> Assignment:
Extract the lines up to and including the one that contains "A detailed illustration", starting with the first line of the entries below, and omit the pictures.
---------------
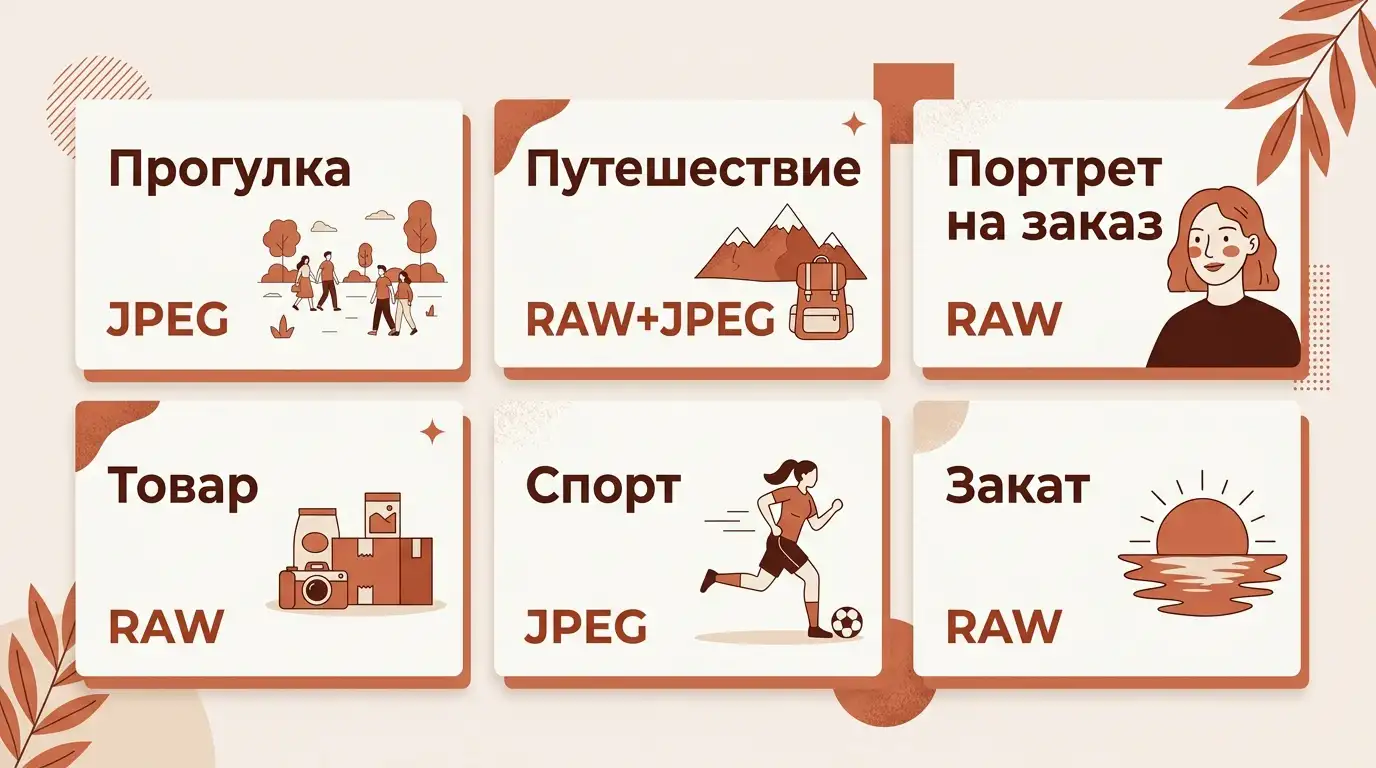 Шесть ситуаций: прогулка и спорт в JPEG, путешествие в RAW+JPEG, портрет, товар и закат в RAW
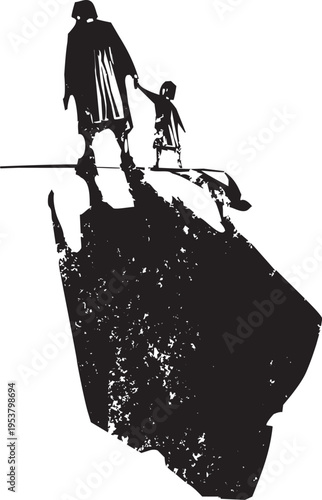 Old Woman with Child walking in front of a  great shadow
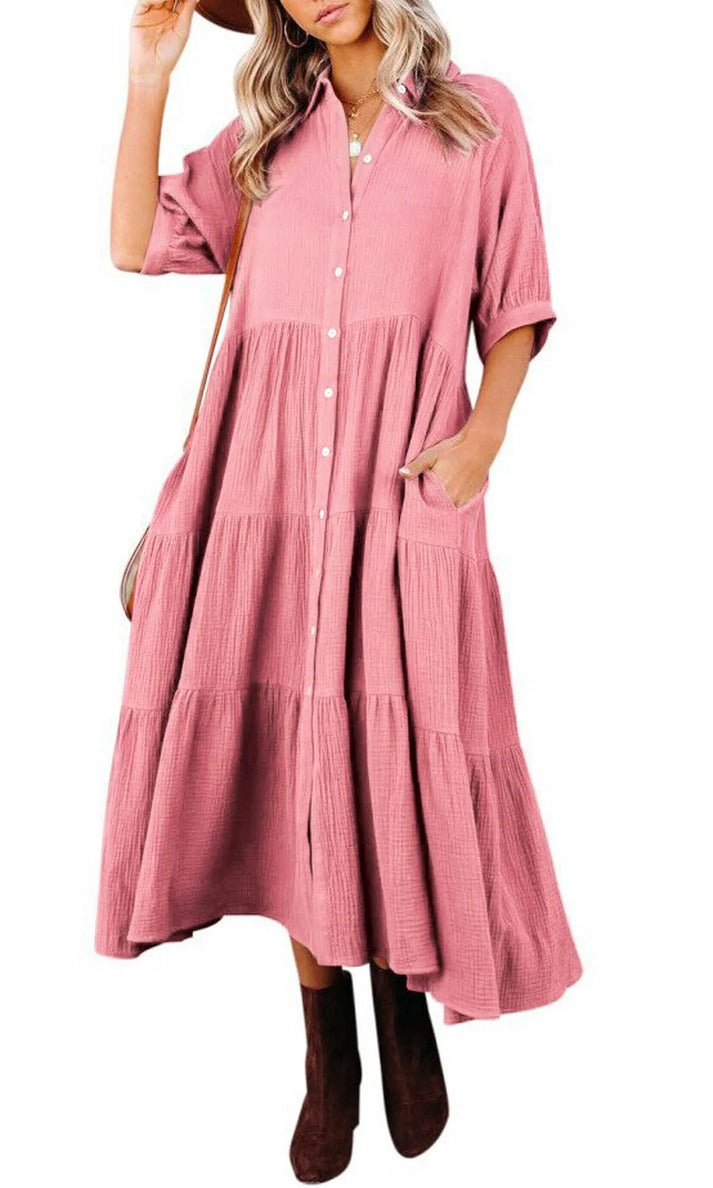 Women's Cotton Half Sleeves Casual Dress✨Buy 2 Free Shipping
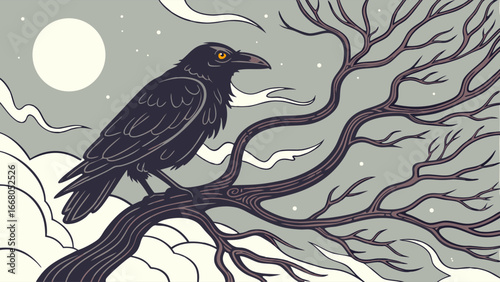 A detailed illustration of a black raven perched on a bare, stylized tree branch under the moon.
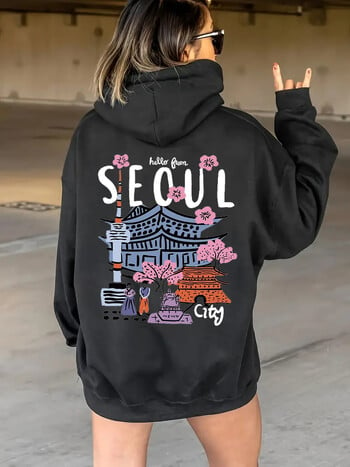 Seoul Beautiful Scenery Printing Дамски топли поларени суичъри с качулка Обикновена мека суичърка с качулка Уличен ежедневен свободен пуловер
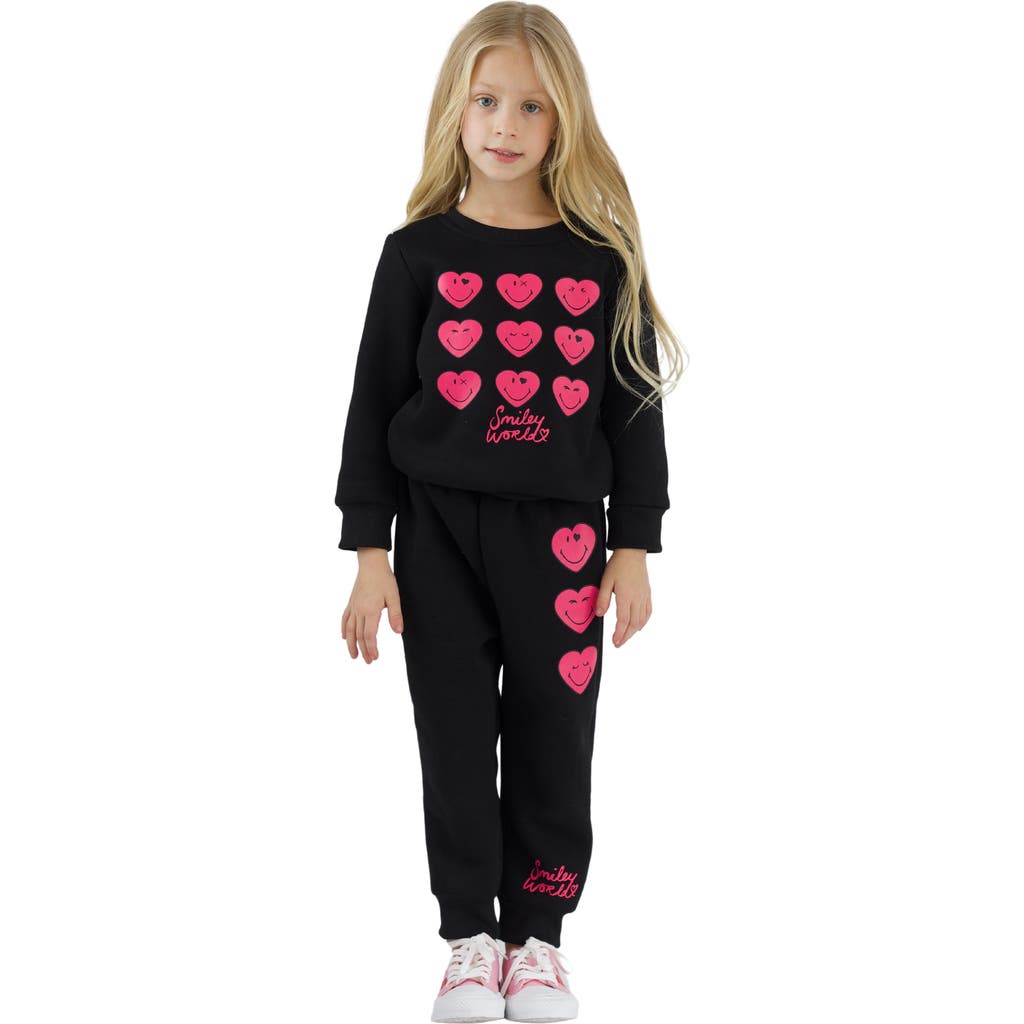 Mia Belle Girls Girls Smileyworld Love Struck Sweatshirt & Jogger Set In Black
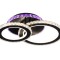 Lustra LED 106W, 2 cercuri diamante, negru + crom, telecomanda, 4320lm, lumina calda/rece + RGB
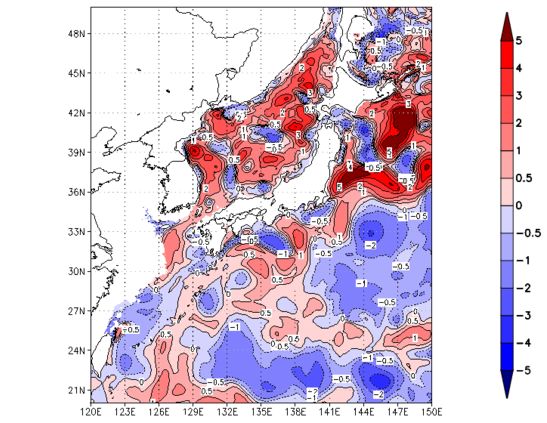 海面~100m月平均表層水温偏差分布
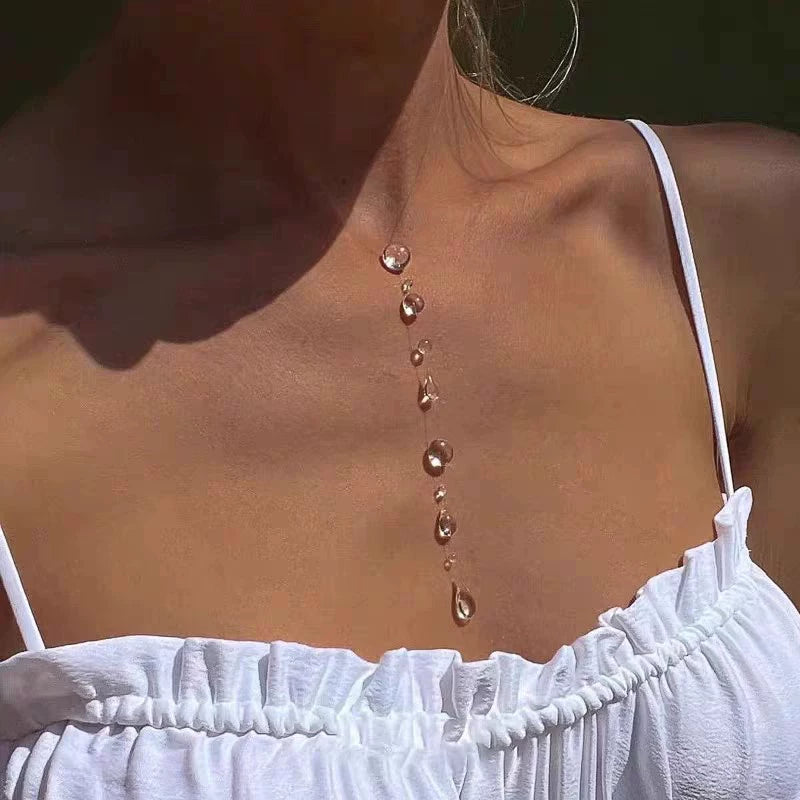 Just Lil Things Raindrop Illusion Y-Necklace – Floating Bead Design on Transparent Thread jltn1603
---------------
> Finished task:
 Шесть ситуаций: прогулка и спорт в JPEG, путешествие в RAW+JPEG, портрет, товар и закат в RAW
 Old Woman with Child walking in front of a  great shadow
 Women's Cotton Half Sleeves Casual Dress✨Buy 2 Free Shipping
 A detailed illustration of a black raven perched on a bare, stylized tree branch under the moon.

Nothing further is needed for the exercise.